Dell will move its European PC manufacturing operation from Ireland to Poland and lay off workers as it continues its belt-tightening restructuring plan, the company said on Thursday.
About 1,900 employees will be laid off at Dell's factory in Limerick, Ireland, over the next year, with staff reductions starting next month, Dell said. The Limerick facility will continue to coordinate manufacturing, logistics and supply chain-related functions.
Picking up the slack will be Dell's factory in Lodz, Poland, which began producing products such as the Latitude and Inspiron laptops in 2007.
Dell said its Global Innovation Solutions Center and EMEA Command Center will stay in Limerick, and other sales and marketing activities will continue at its Dublin office.
Dell said the changes are part of its three-year, $3 billion cost-reduction plan that has including a review of its supply chain. Dell has been trying to revamp its business as the direct sales model it pioneered lost effectiveness.

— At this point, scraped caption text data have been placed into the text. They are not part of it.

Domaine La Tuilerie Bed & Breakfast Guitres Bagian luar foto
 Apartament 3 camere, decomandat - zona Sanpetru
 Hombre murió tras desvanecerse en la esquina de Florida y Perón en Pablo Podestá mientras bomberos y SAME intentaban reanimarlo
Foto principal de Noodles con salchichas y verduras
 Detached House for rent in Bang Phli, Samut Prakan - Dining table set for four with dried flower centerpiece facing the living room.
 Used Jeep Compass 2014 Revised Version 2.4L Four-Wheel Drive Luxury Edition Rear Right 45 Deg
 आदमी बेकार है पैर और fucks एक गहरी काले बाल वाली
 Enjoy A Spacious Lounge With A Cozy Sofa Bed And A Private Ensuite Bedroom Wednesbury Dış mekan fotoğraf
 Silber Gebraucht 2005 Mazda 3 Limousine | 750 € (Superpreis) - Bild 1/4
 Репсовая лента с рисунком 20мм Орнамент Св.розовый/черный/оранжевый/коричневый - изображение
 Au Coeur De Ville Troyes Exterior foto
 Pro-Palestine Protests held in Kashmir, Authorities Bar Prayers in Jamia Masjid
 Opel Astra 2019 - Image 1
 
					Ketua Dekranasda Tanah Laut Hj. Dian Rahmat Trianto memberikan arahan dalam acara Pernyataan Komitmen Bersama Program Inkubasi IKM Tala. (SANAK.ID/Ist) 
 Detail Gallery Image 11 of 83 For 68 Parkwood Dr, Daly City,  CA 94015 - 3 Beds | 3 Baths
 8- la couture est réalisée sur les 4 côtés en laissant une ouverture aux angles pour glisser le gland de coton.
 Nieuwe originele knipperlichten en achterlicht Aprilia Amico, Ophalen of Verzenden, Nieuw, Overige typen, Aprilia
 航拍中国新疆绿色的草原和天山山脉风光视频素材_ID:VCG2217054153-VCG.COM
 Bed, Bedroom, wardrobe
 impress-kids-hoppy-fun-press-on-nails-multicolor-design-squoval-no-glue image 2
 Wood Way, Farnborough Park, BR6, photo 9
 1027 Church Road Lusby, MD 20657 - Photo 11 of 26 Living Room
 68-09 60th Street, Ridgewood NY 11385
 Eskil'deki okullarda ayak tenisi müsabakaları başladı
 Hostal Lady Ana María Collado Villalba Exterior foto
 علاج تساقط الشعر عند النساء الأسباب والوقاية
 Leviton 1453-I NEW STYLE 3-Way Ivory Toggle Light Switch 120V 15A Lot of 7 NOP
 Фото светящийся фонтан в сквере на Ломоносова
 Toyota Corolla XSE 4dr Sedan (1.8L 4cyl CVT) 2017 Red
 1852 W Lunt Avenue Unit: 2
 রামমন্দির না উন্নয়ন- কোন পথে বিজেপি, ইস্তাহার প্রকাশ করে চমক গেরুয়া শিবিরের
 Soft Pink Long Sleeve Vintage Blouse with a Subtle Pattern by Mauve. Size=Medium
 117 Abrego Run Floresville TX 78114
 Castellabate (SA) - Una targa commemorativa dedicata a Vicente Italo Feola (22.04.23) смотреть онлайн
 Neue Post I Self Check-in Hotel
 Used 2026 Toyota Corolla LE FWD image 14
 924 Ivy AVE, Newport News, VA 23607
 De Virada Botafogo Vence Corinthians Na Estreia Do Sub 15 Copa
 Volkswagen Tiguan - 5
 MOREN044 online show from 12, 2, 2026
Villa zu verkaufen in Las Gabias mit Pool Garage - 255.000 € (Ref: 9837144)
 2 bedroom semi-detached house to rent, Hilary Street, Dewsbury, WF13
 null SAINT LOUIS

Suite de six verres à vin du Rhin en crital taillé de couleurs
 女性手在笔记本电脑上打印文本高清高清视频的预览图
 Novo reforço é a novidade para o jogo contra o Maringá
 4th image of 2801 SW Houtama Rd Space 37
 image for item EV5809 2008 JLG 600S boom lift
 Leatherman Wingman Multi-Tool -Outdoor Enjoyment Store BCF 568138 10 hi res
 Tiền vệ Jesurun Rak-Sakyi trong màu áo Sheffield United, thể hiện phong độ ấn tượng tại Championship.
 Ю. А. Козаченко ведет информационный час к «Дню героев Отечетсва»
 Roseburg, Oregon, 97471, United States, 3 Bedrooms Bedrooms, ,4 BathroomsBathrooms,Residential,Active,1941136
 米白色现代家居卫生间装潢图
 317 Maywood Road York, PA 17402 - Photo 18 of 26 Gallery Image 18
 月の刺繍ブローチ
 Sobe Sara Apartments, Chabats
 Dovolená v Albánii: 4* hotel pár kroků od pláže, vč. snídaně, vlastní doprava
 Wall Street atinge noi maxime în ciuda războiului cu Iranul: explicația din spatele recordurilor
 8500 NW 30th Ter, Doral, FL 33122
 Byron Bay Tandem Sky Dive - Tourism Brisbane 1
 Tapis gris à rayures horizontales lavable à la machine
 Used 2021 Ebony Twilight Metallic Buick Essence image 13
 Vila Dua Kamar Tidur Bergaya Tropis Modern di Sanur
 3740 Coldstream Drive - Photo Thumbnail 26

Dell warned in early 2008 that it would cut at least 8,800 jobs in an effort to streamline the company's operations.
Dell has been increasingly trying to move into providing IT services such as infrastructure management to help make up for falling margins on PCs.
Dell's net income and revenue dropped in its third quarter results reported in November, in part due to declining demand. Revenue for the quarter came in at US$15.16 billion, a 3 percent drop compared to its third quarter a year prior, with its net income at $727 million, a 5 percent decline.